KATADATA - Penandatanganan kontrak bagi hasil (PSC) Blok Gebang akan dilakukan pada Jumat nanti (13/11). Pengelolaan blok minyak dan gas bumi di Sumatera Utara itu akan diserahkan kepada anak usaha Grup Bakrie, yaitu PT Energi Mega Persada Tbk (EMP).

Direktur Jenderal Minyak dan Gas Bumi (Migas) Kementerian Energi dan Sumber Daya Mineral (ESDM) I.G.N. Wiratmaja Puja mengatakan blok tersebut diserahkan ke EMP karena PT Pertamina (Persero) tidak tertarik mengelolanya. Padahal, dalam Peraturan Menteri Nomor 15 tahun 2015 tentang wilayah kerja migas yang habis masa kontraknya, Pertamina mendapatkan prioritas pertama untuk mengelolanya. Namun, ternyata Pertamina tidak tertarik mengelola Blok Gebang.

"Padahal priority Pertamina. Kalau Pertamina tidak tertarik baru dikasih ke eksisting operator. Kalau tidak tertarik juga maka kerjasama, dan jika kerjasama tidak mau maka dilakukan lelang," kata Wiratmaja di Jakarta, Selasa (10/11).

Sekadar informasi, masa kontrak Blok Gebang berakhir pada tahun ini.
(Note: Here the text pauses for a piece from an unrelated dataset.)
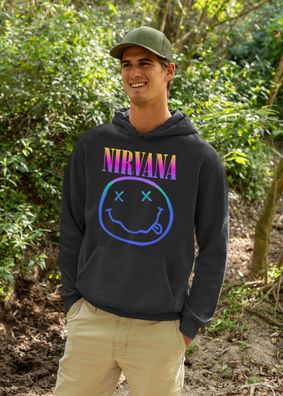 Herren Hoodie Nirvana Smiley Kapuzenpullover Kurt Cobain Konzert Geschenk Bunt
Blok yang menyimpan cadangan gas sebanyak 39,5 miliar kaki kubik (TCF) per 30 Juni 2015 ini dikelola oleh PT PHE Gebang North Sumatra, anak usaha Pertamina, sebagai operator dengan porsi kepemilikan saham sebesar 50 persen. Dalam pengoperasiannya, PHE bermitra dengan Costa International Group Ltd. yang juga mengempit 50 persen saham.

Direktur Hulu Pertamina Syamsu Alam memang membenarkan bahwa Pertamina tidak tertarik mengelola Blok Gebang. Alasannya, blok tersebut tidak ekonomis. "Keputusan Pertamina untuk melakukan investasi atau tidak, termasuk dalam strategi pengelolaan wilayah kerja, tentu menjadi pertimbangan utamanya adalah keekonomian," ujar dia kepada Katadata.
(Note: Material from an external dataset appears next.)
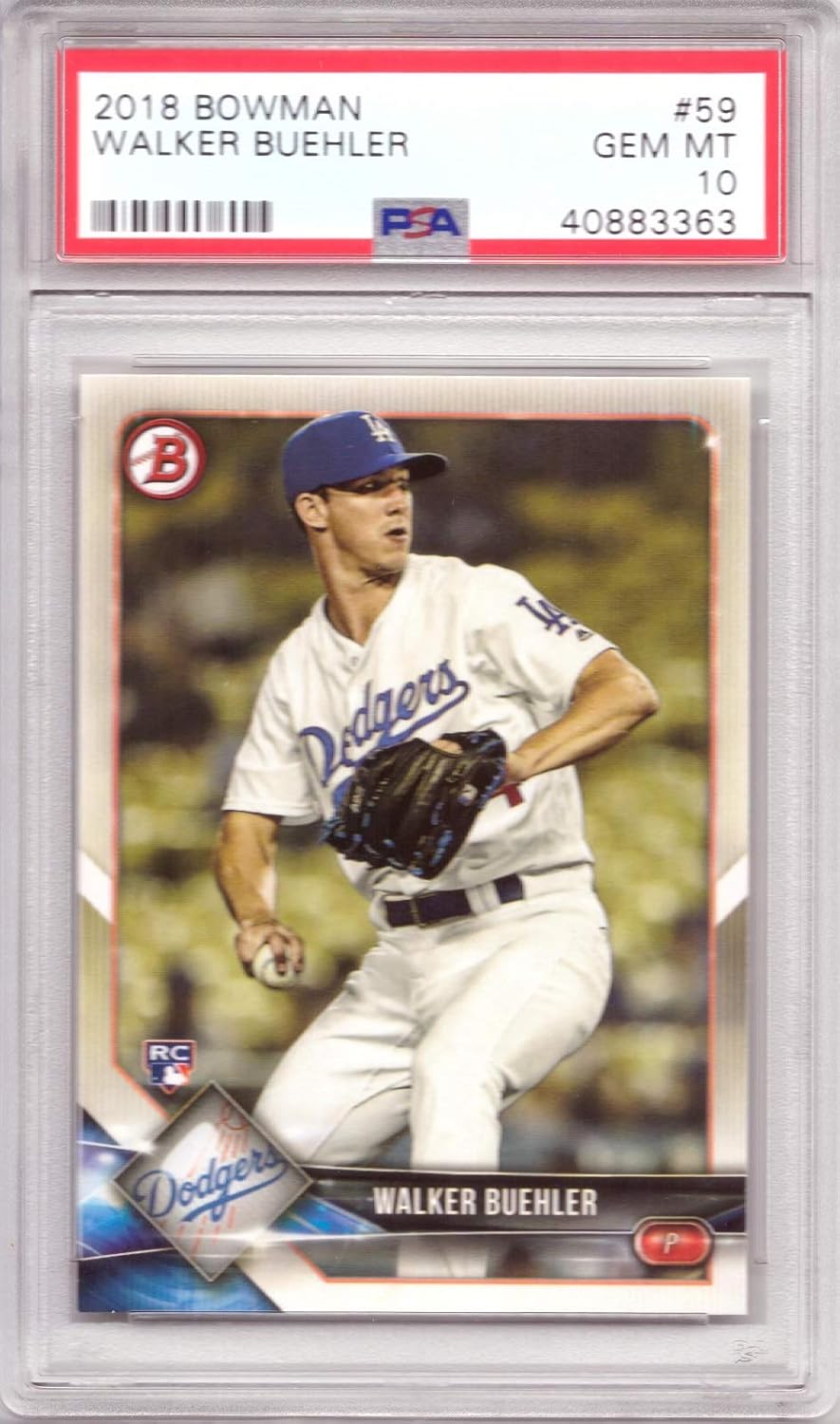 2018 Bowman Baseball #59 Walker Buehler Rookie Card Graded PSA 10 Gem Mint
Sementara itu, Direktur Pembinaan Usaha Hulu Migas Kementerian ESDM Djoko Siswanto mengatakan, pemerintah akan menerima bonus tandatangan (signature bonus) saat kontrak tersebut diteken nantinya. Nilainya sebesar US$ 2 juta atau sekitar Rp 27 miliar.

Menurut Djoko, angka tersebut sudah lebih tinggi dari aturan, yakni minimal nilai bonus tandatangan suatu kontrak migas sebesar US$ 1 juta. Penentuan nilai bonus tersebut berdasarkan negosiasi dengan pihak operator. “Negosiasi di situ mulai US$ 5 juta, kemudian 1,5 juta.  Terakhir diputuskan US$ 2 juta karena berdasarkan peraturan minimum signature bonus adalah US$ 1 juta," katanya.